Given records:
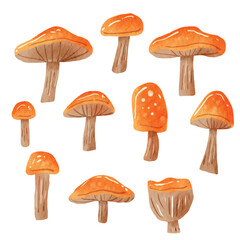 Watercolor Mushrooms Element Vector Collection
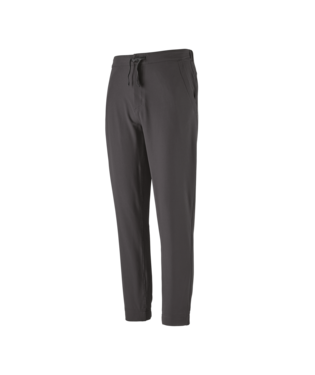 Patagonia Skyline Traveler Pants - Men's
...
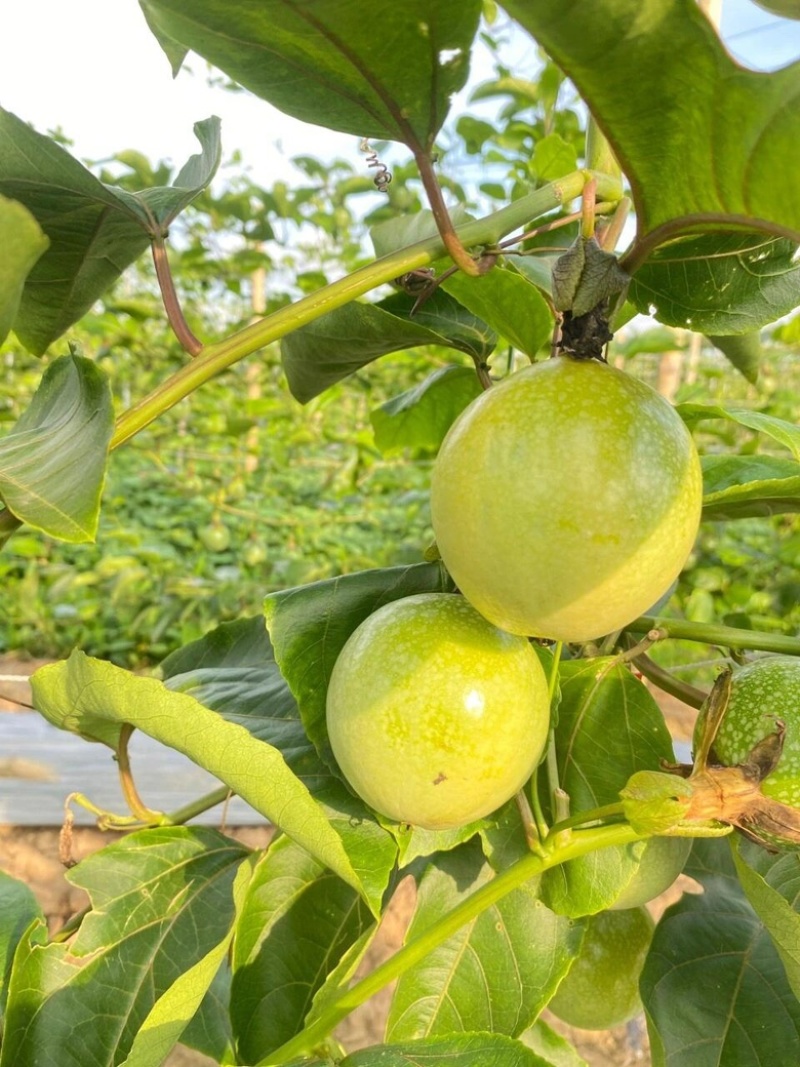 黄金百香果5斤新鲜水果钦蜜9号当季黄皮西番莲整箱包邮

Your instructions: Write out the lines above from the one with "Watercolor Mushrooms Element" through the one with "Patagonia Skyline Traveler Pants - Men's", ends included, exactly; no picture goes in.

Exercise response:
 Watercolor Mushrooms Element Vector Collection
 Patagonia Skyline Traveler Pants - Men's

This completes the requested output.